Why do some COVID-19 patients have "repositive" symptoms after treatment? In fact, a large number of patients were false "repositive" and true "false Yin", and the patients were "false negative" caused by nucleic acid test errors. The virus in their bodies was not cleared, but the nucleic acid test was not detected before discharge.

Why does it take multiple tests to find positive? Why does the patient recover after being cured and discharged from hospital?

Nucleic acid test mainly collected pharyngeal swabs, novel coronavirus mainly located in lung, trachea, bronchus and other parts of the lower respiratory tract, while nasopharynx and oropharynx in the upper respiratory tract. Come on inchoate upper respiratory tract has a few virus, late is less, pharyngeal ministry may have virus residue, but can not be collected necessarily.

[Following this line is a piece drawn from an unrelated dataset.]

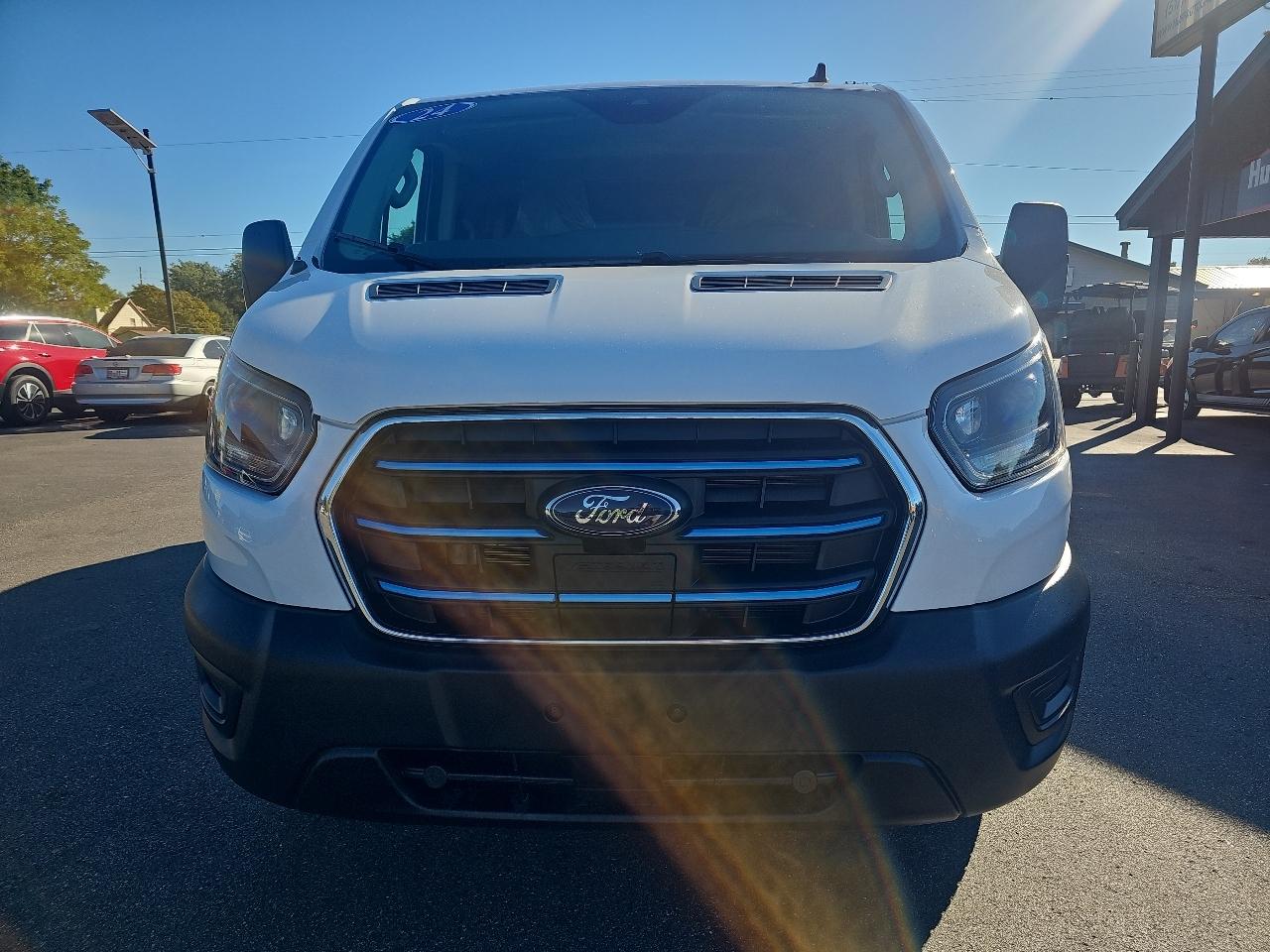 Ford E-Transit Cargo Van T-350 130" Low Rf 9500 GVWR RWD 2024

Nucleic acid tests require a minimum amount of virus to detect, and there is more virus in the lower respiratory tract than in the upper respiratory tract, so samples taken from the upper respiratory tract can be false negative no matter how many times they are tested.

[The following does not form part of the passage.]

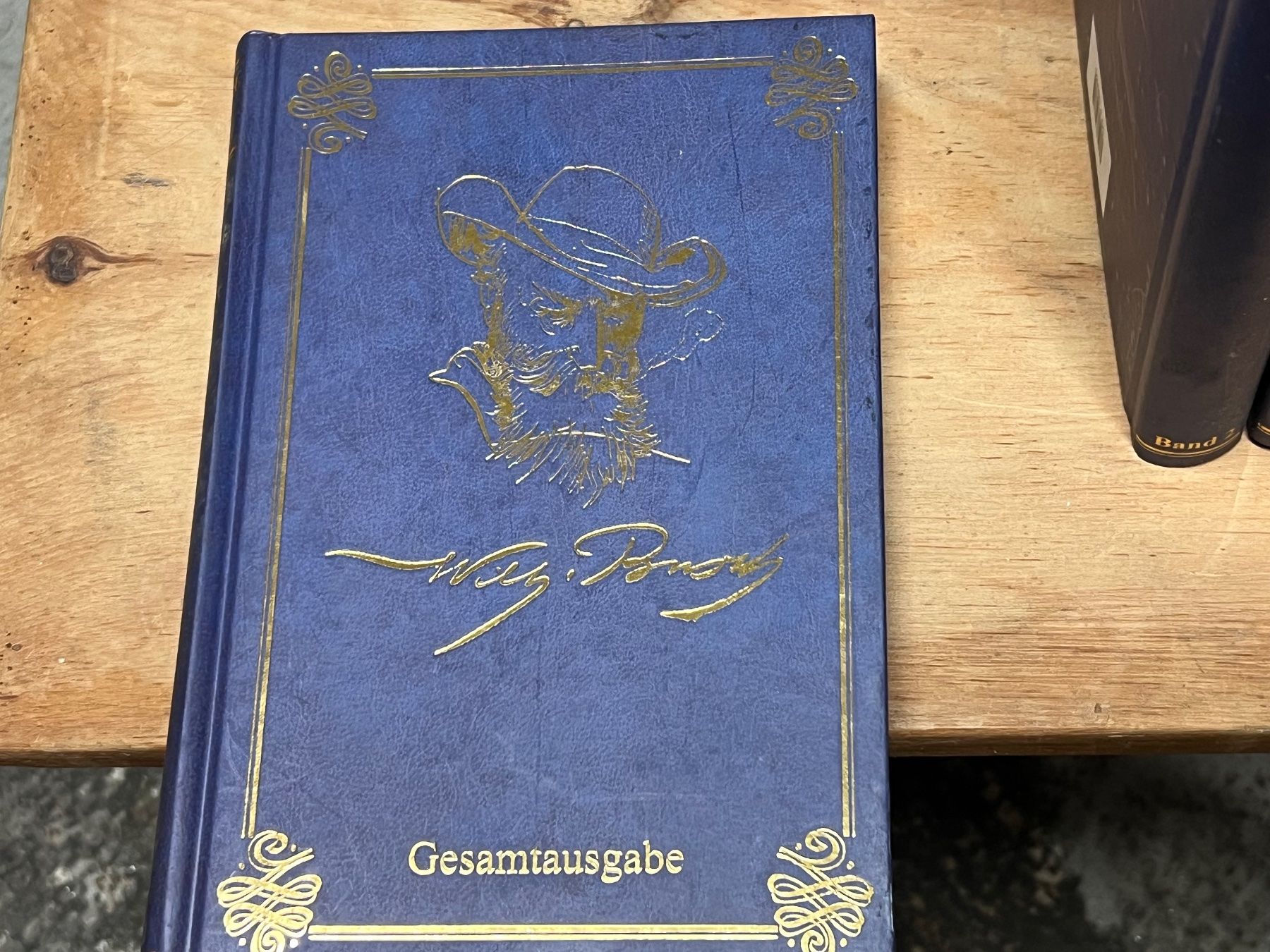 Libri: Gesamtwerk Wilhelm Busch 10 Bücher – Usato da Unterengstringen venduto da Gustav03 1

"Repositive" may also be a virus fragment or dead virus detected in the body, which does not mean that the patient has not been cured or the condition has repeated.

"Repositive" may also be an intermittent detoxification of the patient. At the end of the disease, the virus level is low and the patient is likely to have no symptoms such as coughing or sneezing. From the current observation of the situation, repositive patients, there have been no reported cases of infection.

For novel coronavirusIgM positive patients, nucleic acid examination and chest CT should be conducted. If there is any abnormality, they should be admitted to hospital. If there is no abnormality, they should be quarantined until the nucleic acid test of different sites is negative for three times and the IgG value is greater than 4 times of IgM value, and the isolation can be released.

In case of false-negative nucleic acid test, the discharge criteria for COVID-19 patients should be strictly implemented. In addition to the complete absorption of acute inflammation and negative nucleic acid tests for two throat swabs, patients can be tested for anal swabs and be discharged after three negative nucleic acid tests.

Of course, current data and studies show that patients with COVID-19 are not likely to develop COVID-19 again after being discharged from hospital, and the possibility of transmission is not high. Do not discriminate against them.

However, the public should still pay attention to personal protection, not to be careless, wear masks, wash hands frequently, avoid gatherings, and keep a distance.